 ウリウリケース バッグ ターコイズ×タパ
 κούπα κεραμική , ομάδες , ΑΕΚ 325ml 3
--
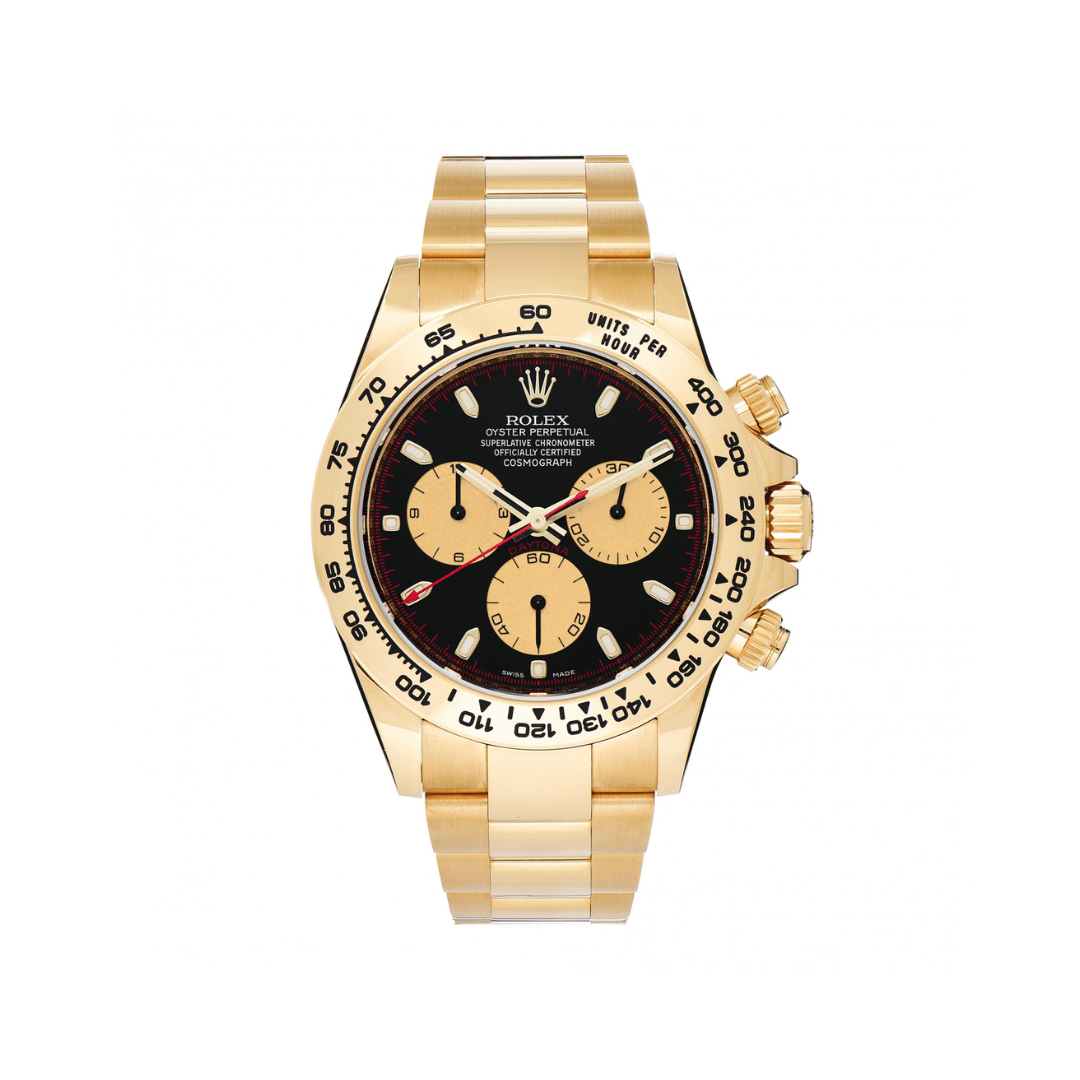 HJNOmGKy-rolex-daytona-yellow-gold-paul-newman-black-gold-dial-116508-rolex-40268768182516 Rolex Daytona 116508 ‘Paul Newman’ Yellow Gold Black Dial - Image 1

## WHAT THE EXERCISE ASKS
As listed above, the lines from the line with "ウリウリケース バッグ ターコイズ×タパ" to the line with "κούπα κεραμική , ομάδες , ΑΕΚ 325ml 3" are to be echoed exactly, with both ends included and nothing added.

## FINISHED EXERCISE
 ウリウリケース バッグ ターコイズ×タパ
 κούπα κεραμική , ομάδες , ΑΕΚ 325ml 3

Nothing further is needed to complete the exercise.